En Afrique du Sud, des associations ont dû attaquer l’État en justice pour garantir aux manchots du Cap un accès suffisant… à leur propre poisson. C’est un drame écologique qui voit des joutes administratives interminables.
Des manchots en nage
Les manchots du Cap sont une espèce en danger critique d’extinction en Afrique du Sud. Leur principal problème : ils ne trouvent plus assez de poissons (anchois et sardines), car la pêche industrielle les prive de leur nourriture près des côtes où ils vivent et se reproduisent.
Depuis 2008, des scientifiques dont Dr Rob Crawford ont commencé des expérimentations pour voir si fermer certaines zones de pêche près des colonies de manchots pouvait les aider.
Les premiers résultats ont montré que oui, fermer ces zones augmentait leur survie et leur reproduction. De nombreuses études comme celle de Richard Shirley en 2018 ont confirmé ces bénéfices.
Malgré cela, il n’y avait toujours pas de décision officielle pour fermer durablement ces zones, car les pêcheurs industriels s’y opposaient, par crainte des pertes économiques.
Une vraie question se pose alors : Peut-on faire un pied de nez aux espèces en danger si cela rapporte plus? Bien sûr, la communauté scientifique dit que non.
Le gouvernement rentre dans cette histoire
Pour le gouvernement d’Afrique du Sud, il s’agit de trouver un compromis. En 2021, il organise des négociations pour trouver un compromis sur quelles zones fermer et comment limiter l’impact sur la pêche. L’échec est total : aucun accord n’a été trouvé.
Pour contrer cette situation, les scientifiques font appel à un panel international en 2023 : Ce panel a réévalué la situation et confirme que fermer ces zones aide vraiment les manchots et qu’il faut des fermetures d’au moins 10 ans, car un manchot commence à se reproduire vers 4-6 ans et vit environ 10 ans.
La ministre Barbara Creecy a annoncé des fermetures pour 10 ans… mais a laissé aux pêcheurs et écologistes le soin de définir quelles zones exactement fermer. Même si les manchots, eux, ont été classés “en danger critique d’extinction”, avec une possible disparition d’ici 2035 si rien n’est fait, aucun accord n’est trouvé en 2023.
Il a fallu amener cette histoire devant la justice!
En 2024, faute de solutions rapides, BirdLife South Africa et SANCCOB (une ONG de protection des oiseaux) ont attaqué le gouvernement en justice et ont été soutenus par le Biodiversity Law Center.

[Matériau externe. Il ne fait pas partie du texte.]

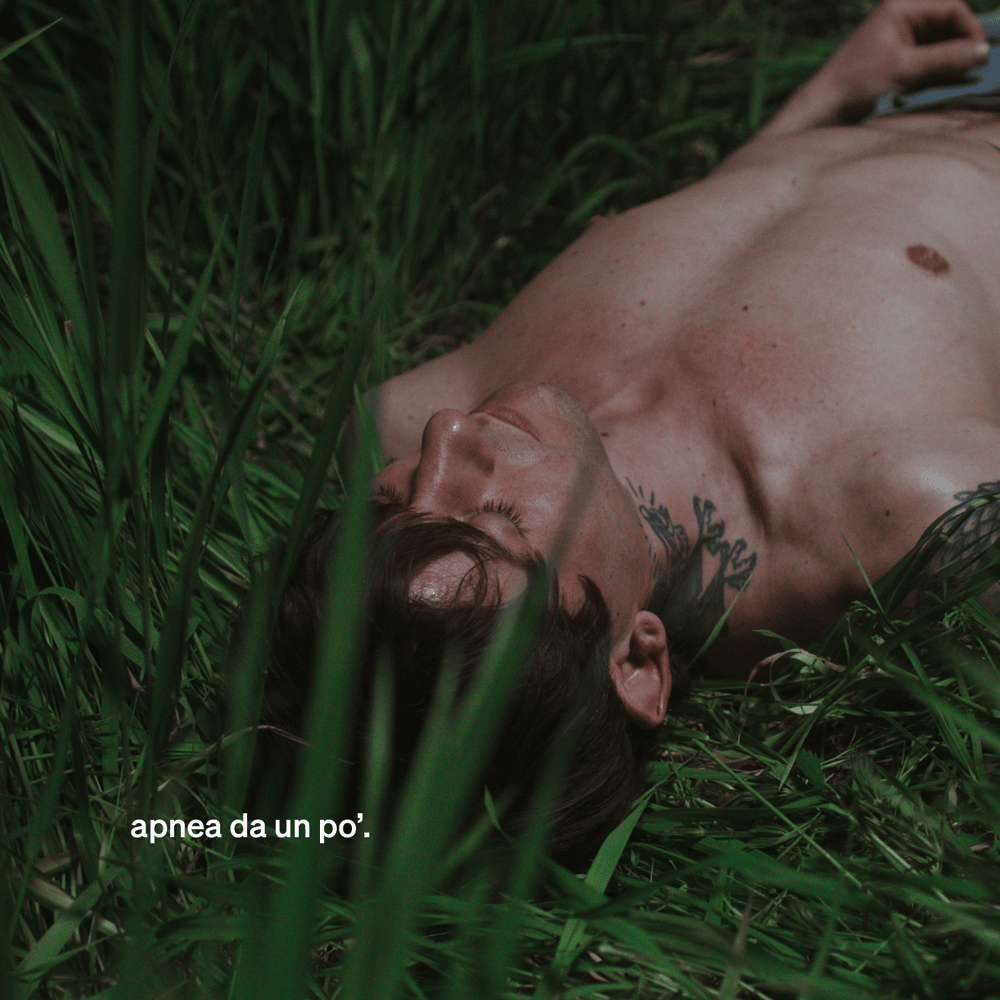 Album cover art for "apnea da un po’." by Rkomi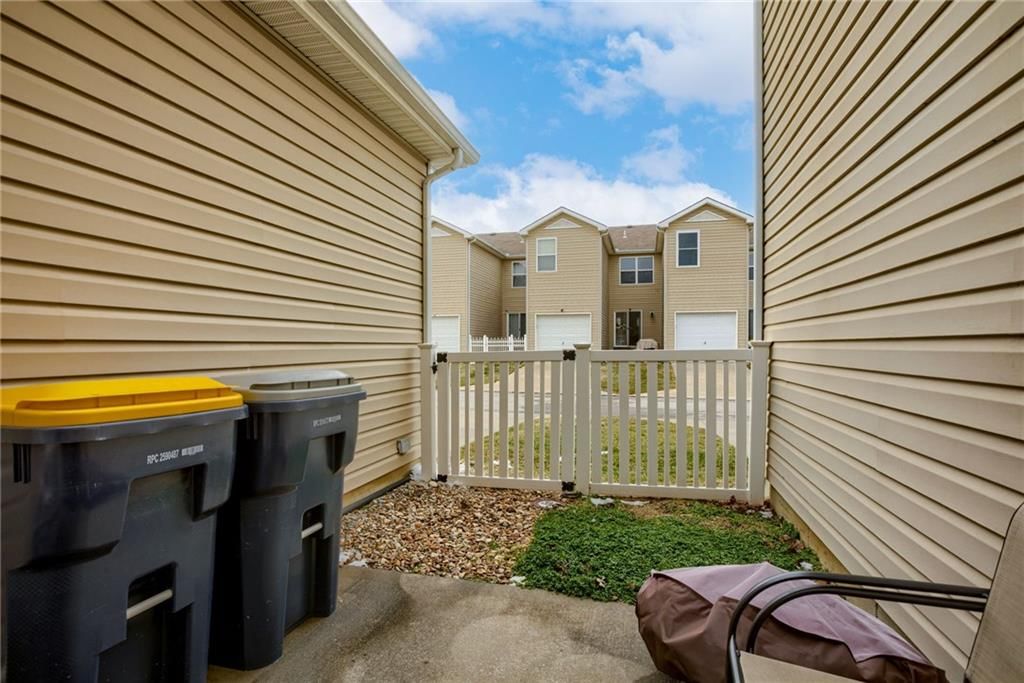 8122 N Lawndale Avenue — photo 25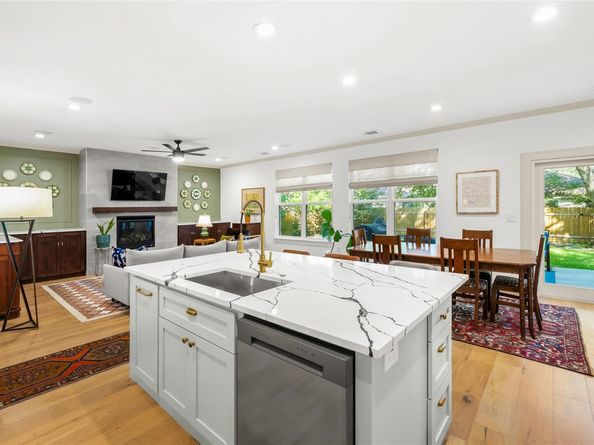 5914 Salcon Cliff DR, Austin TX 78749
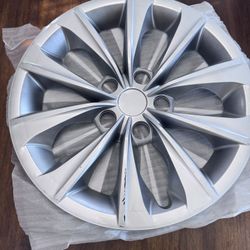Hubcaps for Toyota Camry 16” rim covers 4pcs set some scratches see pictures polveras platos tapas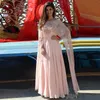 Blush Pink Indian Arabic Kaftan Abiti da sera da donna con involucro Sheer Beaded Cape Saresuit Custom Make Occasioni formali Prom Party Gown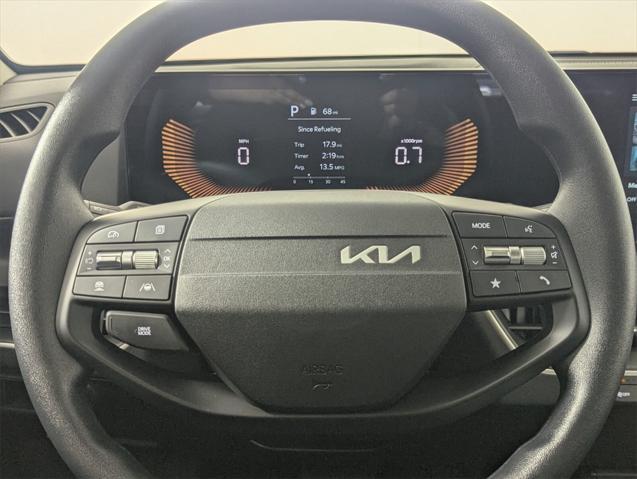 new 2025 Kia K4 car, priced at $23,123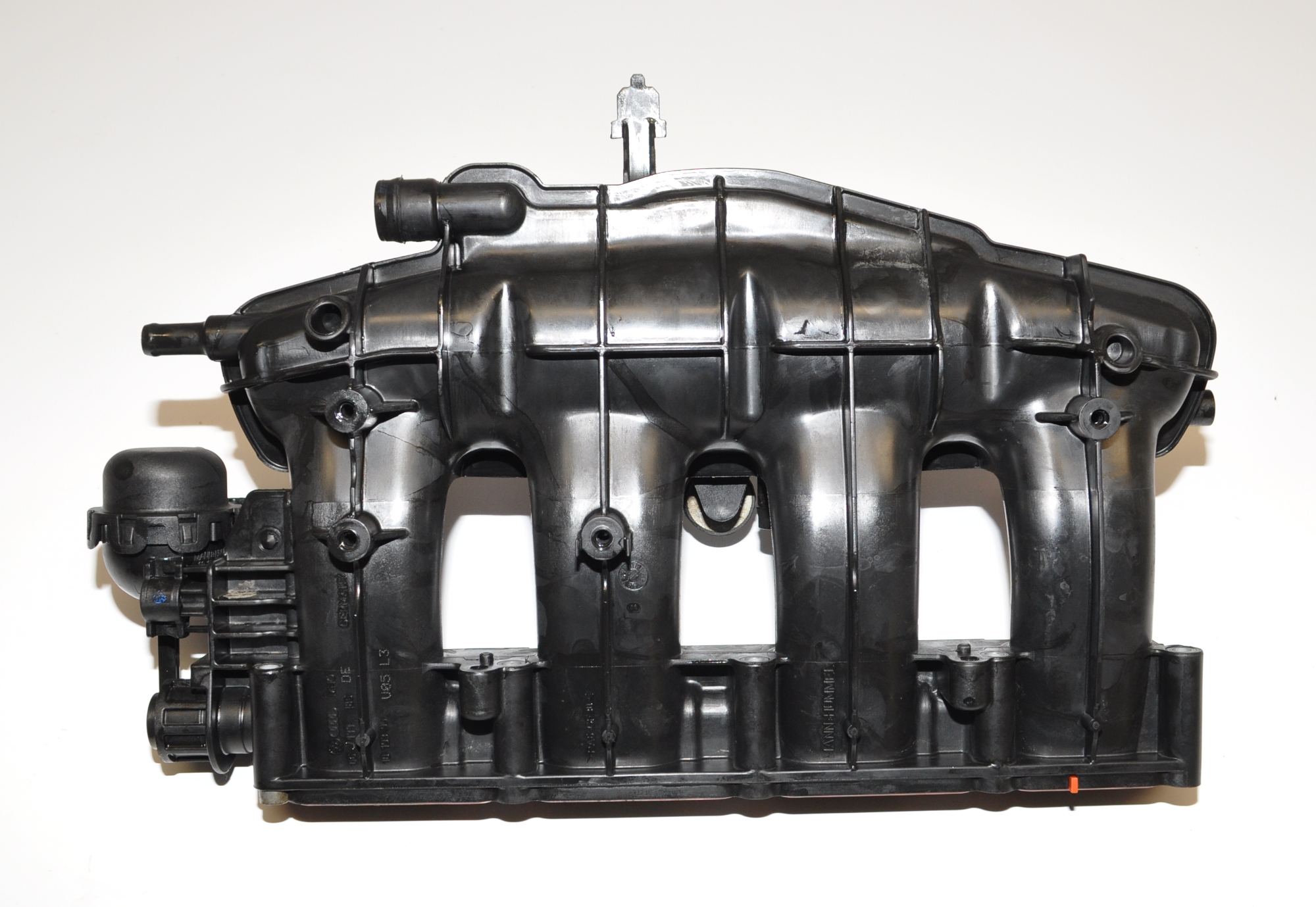 Ansaugbrücke Ansaugkrümmer Saugstutzen  06J133185DE A3 CABRIO 1.8 TFSI 118KW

Ils demandaient des zones de pêche interdites claires et immédiates pour sauver l’espèce.
En mars 2025, ils obtiennent gain de cause et juste avant le procès, un compromis a été accepté. Des zones de pêche interdites autour des six colonies principales de manchots ont été définies et ces fermetures dureront 10 ans, avec un bilan après 6 ans,
Comme quoi, menancer quelqu’un d’un procès peut être utile.
Le témoignage d’un écologiste marin qui a vécu cette affaire
Le Dr Alistair McInnes, écologiste marin et responsable de la conservation des oiseaux marins à BirdLife South Africa, revient sur cette histoire abracadabrantesque : « Cela a été un long processus. Il a fallu 14 ans de recherches et d’expérimentations pour prouver l’impact positif des zones de fermeture à la pêche sur les manchots du Cap.
Pourtant, malgré ces preuves scientifiques, les négociations entre pêcheurs industriels et écologistes ont échoué en 2021 et 2022, ce qui a laissé un vide qui nous a forcés à porter l’affaire devant la justice en 2024. »
Son témoignage montre deux éléments qui rendent cette histoire intéressante:
- La lenteur administrative, pire qu’en France : malgré des données scientifiques claires, il aura fallu près de quinze ans pour transformer des résultats d’expérimentations en décisions politiques.
- L’importance des compromis : Dr McInnes a parlé de la difficulté à trouver un accord qui « maximise les bénéfices pour les manchots tout en minimisant les pertes pour la pêche ». Un vrai exemple de la difficulté de concilier économie et écologie.
Finalement, après des années de rapports, de réunions et de menaces d’extinction, la justice a tranché en faveur des manchots, parce que les gains financiers peuvent revenir mais pas une espèce disparue.